- Mubarakpuri with Indian President Zail Singh.

Personal life
- Born: 7 May 1916 Mubarakpur, Azamgarh
- Died: 14 July 1996 (aged 80) Mubarakpur, India
- Children: Khalid Hafiz
- Education: Jamia Qasmia Madrasa Shahi, Moradabad

Religious life
- Religion: Islam

= Qazi Athar Mubarakpuri =

Indian Islamic scholar, author and historian (1916–1996)

Qazi Athar Mubarakpuri (7 May 1916 – 14 July 1996) was an Indian Sunni Islamic scholar, author and historian. He was honoured with the title of Muhsin-e-Hind by Pakistani scholars.

==Biography==
Mubarakpuri was born on 7 May 1916 in Mubarakpur, Azamgarh. He graduated in dars-e-nizami from Madrasa Ehya-ul-Uloom and moved to Madrasa Shahi, Moradabad to study ahadith. In Shahi, he studied Sahih Bukhari with Syed Fakhruddin Ahmad, Sahih Muslim with Ismail Sambhali, and Jami' al-Tirmidhi with Muhammad Miyan Deobandi.

Mubarakpuri died on 14 July 1996. His funeral prayer was led by Abul Qasim Nomani.

==Literary works==
Mubarakpuri wrote books on the relation of Indians and Arabs.
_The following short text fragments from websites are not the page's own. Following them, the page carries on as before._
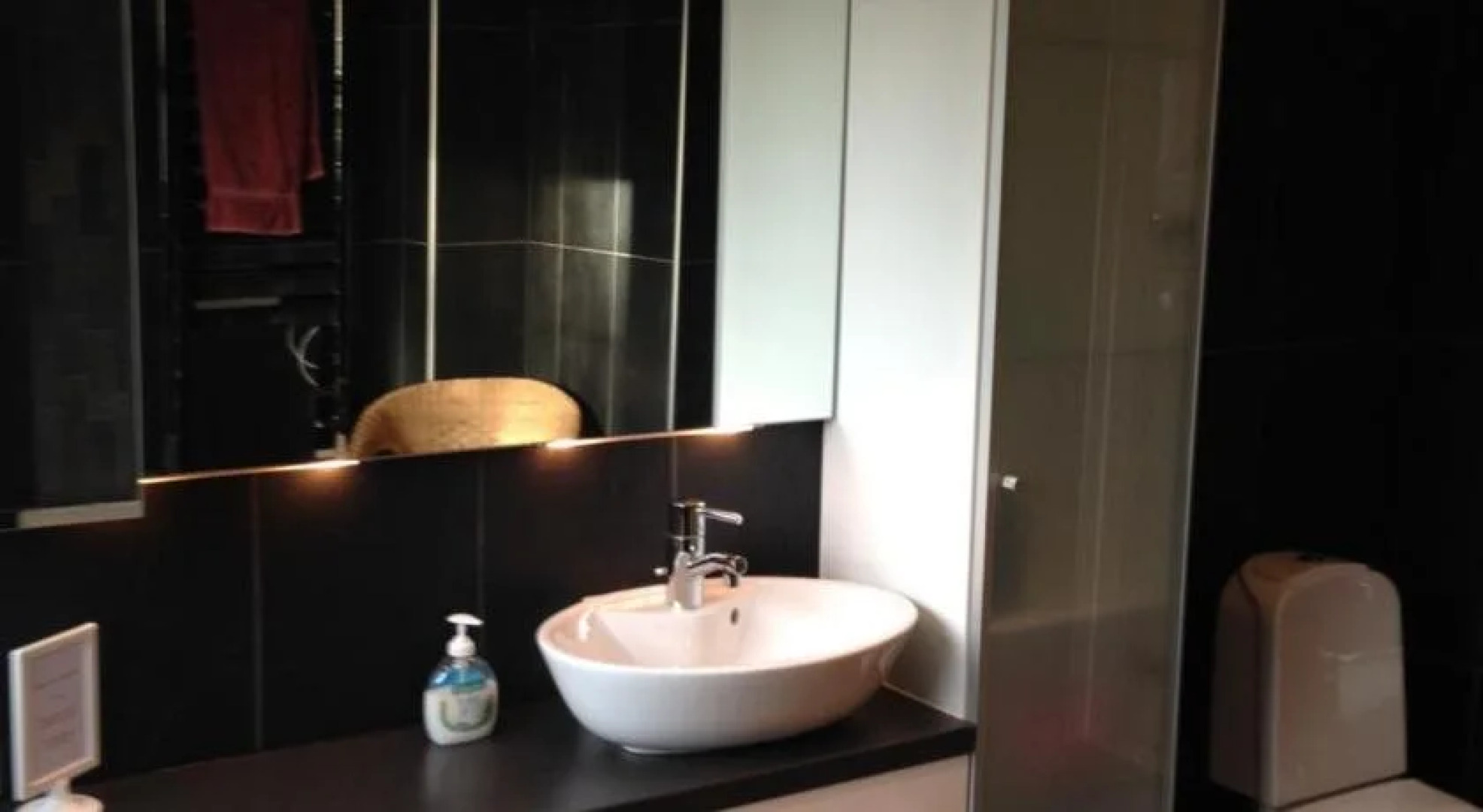 Bed & Breakfast Viking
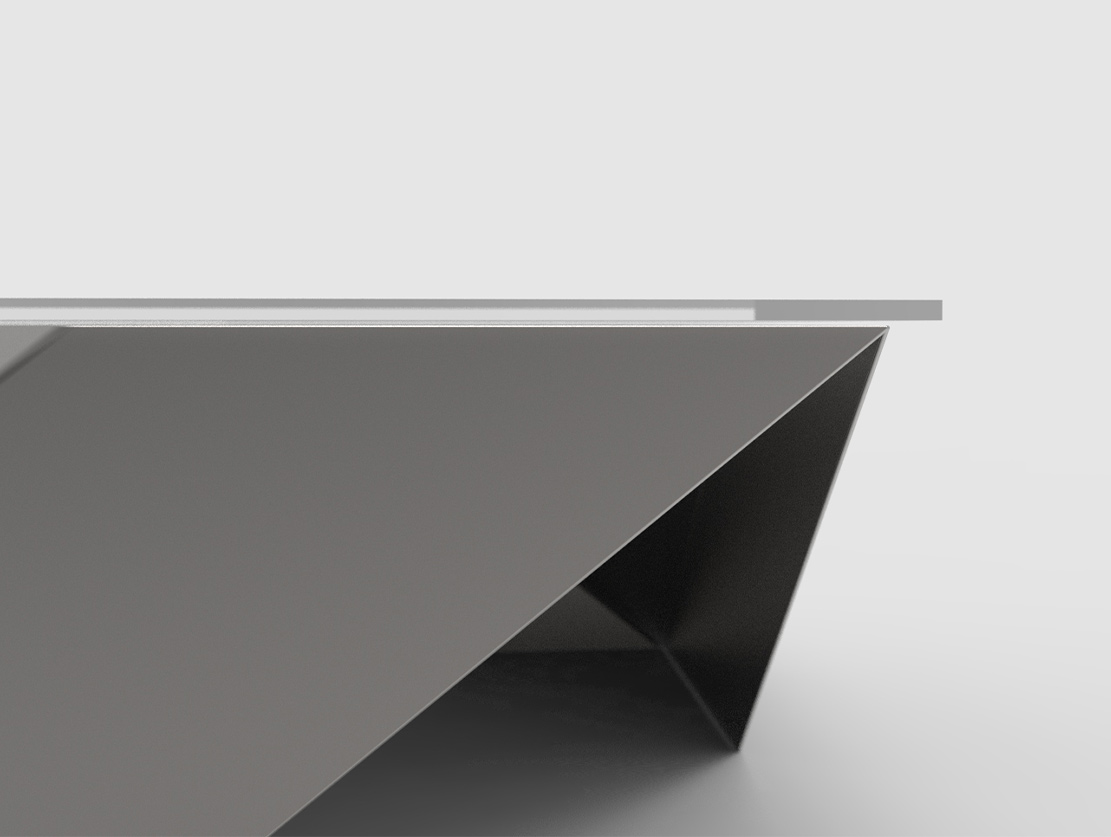 BB_zcoffeetable_1-3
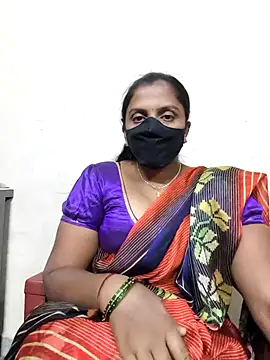 Snapshot of Sowjanya-telugu chatting on January 12, 2026, 5:18 pm Sowjanya-telugu online show from January 12, 2026, 5:18 pm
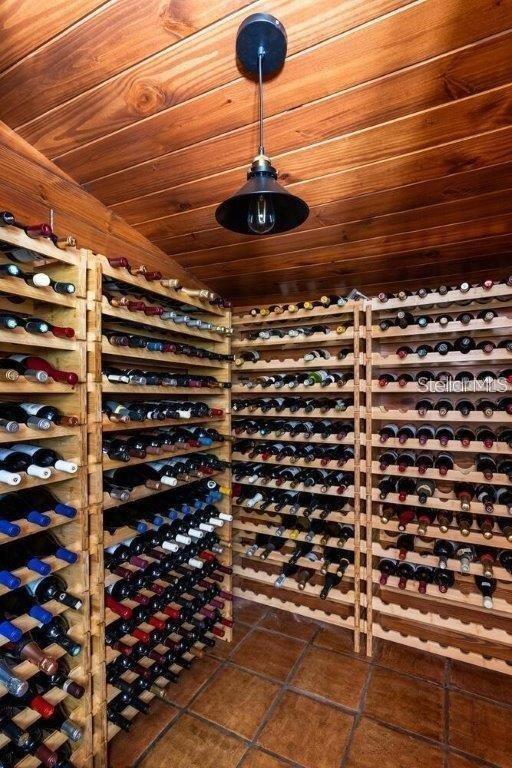 A4678538 Property Photo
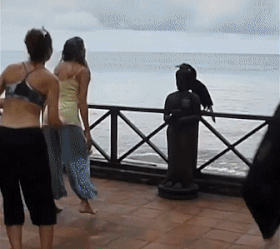 tmp_cleverpub_f8277fb2ec69040d271f6fc26136b002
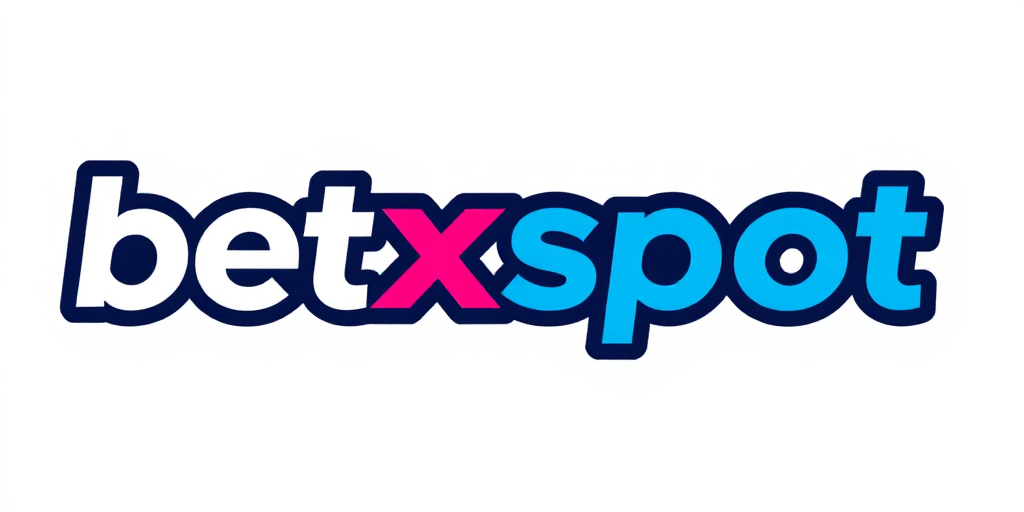 BetXSpot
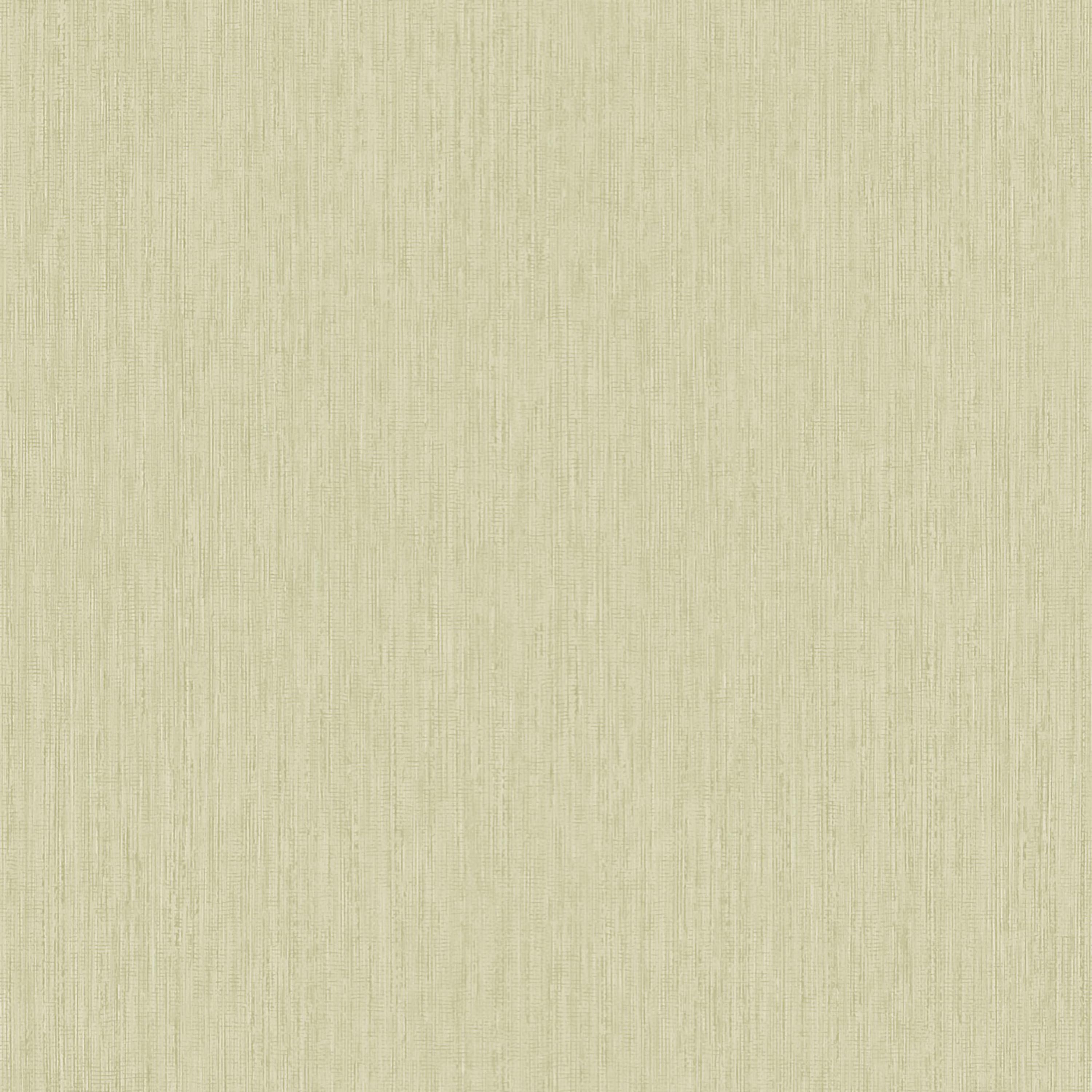 Papel Pintado Grandeco Perfect Harmonie - PH1107 - Imagen 1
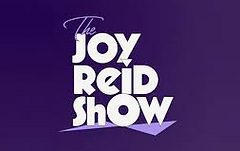 Joy Reid Show.png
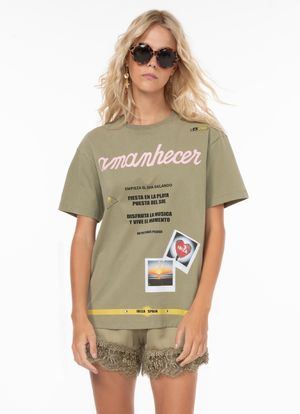 V27BL11AB_BSW_2-CAMISETA-AMANHECER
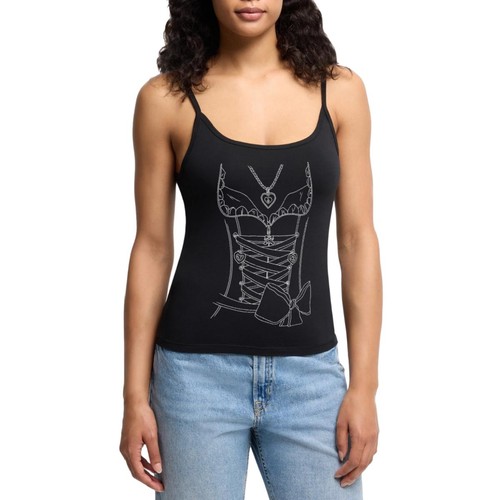 Camicia ricambio dirndl - di,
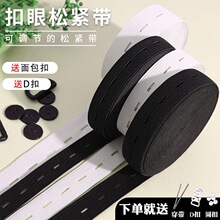 5���b�ЋD�U���{���ɾoС�Ĵ������ɾo�����{����ѝ����С��δ��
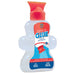 Jigsaw Puzzle Glue Shaped Bottle - 10 oz - for just $9.99!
In this series his books include Arb-o-Hind Ahd-e-Risalat Mai, Khilafat-e-Rashida awr Hindustan, Khilafat Amwiyyah awr Hindustan, Khilafat Abbasiyah awr Hindustan and Hindustan mai Arbon ki hukumatein.

==Legacy==
- Contribution Of Qazi Athar Mubarakpuri to Arabic Studies : A Critical Study - PhD thesis from Aligarh Muslim University by Mohd Amirul Hasan.
- His son Khalid Hafiz (1938–1999), Imam of Wellington, served as the senior religious advisor to the New Zealand Muslim community from 1982 to 1999.